Two vacations in one month leaves me with August almost gone, so it seems. We've been blessed to spend time with my family in Idaho and time with Andrew's in Hawaii. I now have more memories to carry forward. Pictures to come, perhaps...either here or on our family blog.

School starts tomorrow for the kids around here. My baby brother begins his first day of middle school. Kids in the neighborhood will now fill the shortcuts and paths down to the schools below our hillside homes. I miss it. I miss school. I miss teaching. I miss my students. I hope there will be a season in my life for such teaching once again. Coaching is great, and I love it, but teaching reading, writing, and loving language is something else entirely. And so as this time of year rolls round again and I'm not a student, nor a teacher, a bit of my heart mourns. Parts of my heart also hope, though, because I truly hope to teach again someday. I know I teach as a mother, but there's something magical about introducing a poem to a student and having that student absolutely fall in love with it.

And now I feel I'm blathering.

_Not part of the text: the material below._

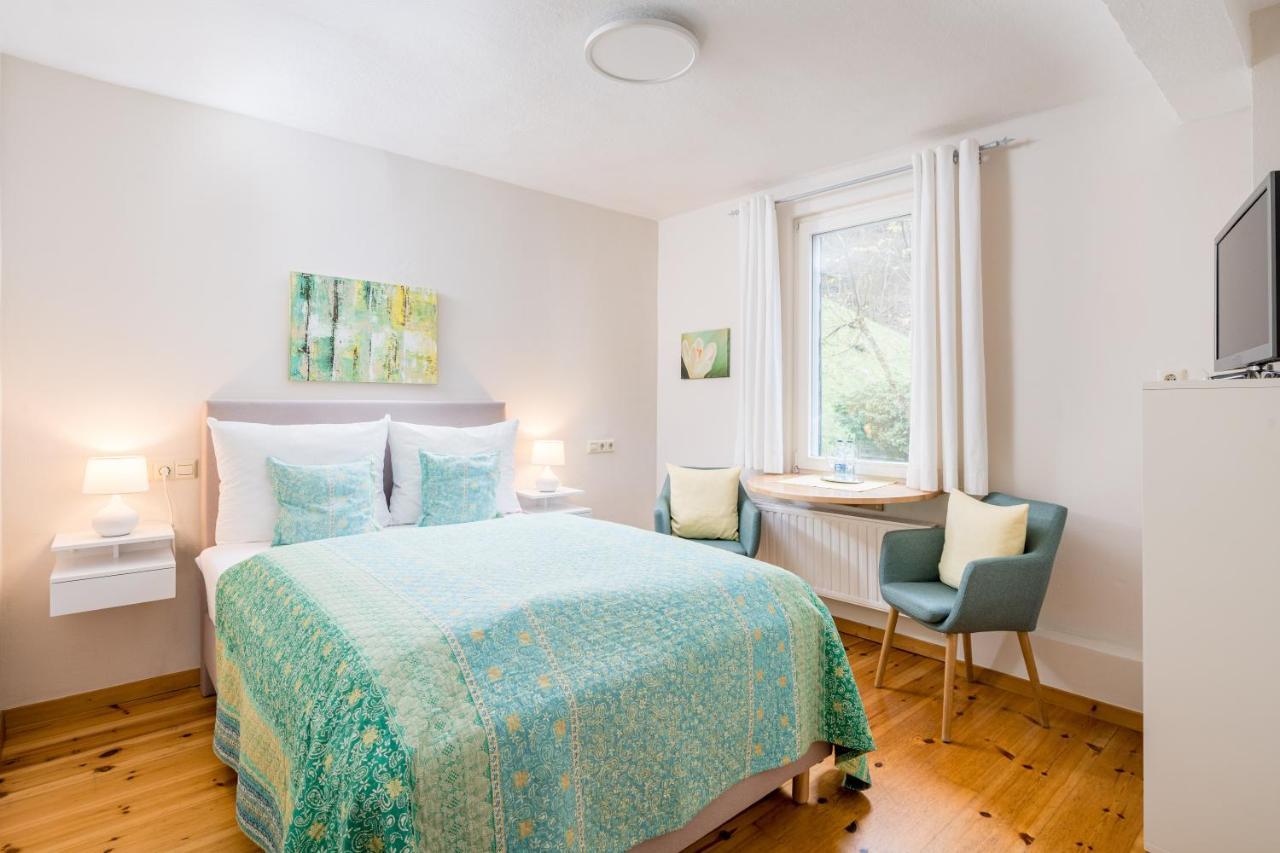 Hotel Gaestehaus Knab'S Muehlenschenke Sankt Goar Exteriér fotografie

But it's just what this time of year does to me. I remember when September rolled around when I was on my mission. I received emails from home about school preparation and such, and it surprised me how much I missed it. It catches me off guard and makes me take note.

But I guess I can be glad I don't get the Sunday-night-creepies anymore; you know what I'm talking about if you're a student or teacher--the slightly anxious feeling that your glorious weekend (or entire summer) is over and you must return to school once again. See, I don't view school/teaching through rose-colored glasses. But I certainly remember much more of the good than I do of the bad because the good is just so good.

Happy week to all!

Wednesday, August 3, 2011

amen

As I fed Eamon at close to 3 a.m. this morning, I read these words.

And they strongly struck my soul.

Whenever I'm reminded of the power of words, I'm humbled and awed and inspired. Because of amazing people like Courtney Jane Kendrick and Emma Lou Thayne, I'm more resolved than ever to develop what talent I have in writing, and to fit it better into my life. My soul deserves, craves, and needs it.

I love this paragraph from Kendrick:

"Emma Lou explained that those of us who are called to be writers, the writers of life, have to pay attention in a different way. We have to reserve quiet time to write what we feel. I've always loved Emma Lou's pledge to her children, 'I love you with all my heart, but not all my time' meaning that the solitude time was part of her ability to thrive. This paying attention and seeking for quiet time goes along with two ideas I've had lately, one about balancing the senses (seeing as much as hearing, touching as much as tasting) and another about this quote, 'I hold this be the highest task of a bond between two people: that each should stand guard over the solitude of the other.' Rainer Maria Bilke. Also, I've come to realize that most of my frustrations can be worked out either by hard work (labor) or solitude. When scrubbing the sticky dishes isn't clearing my mind, a walk by myself usually will."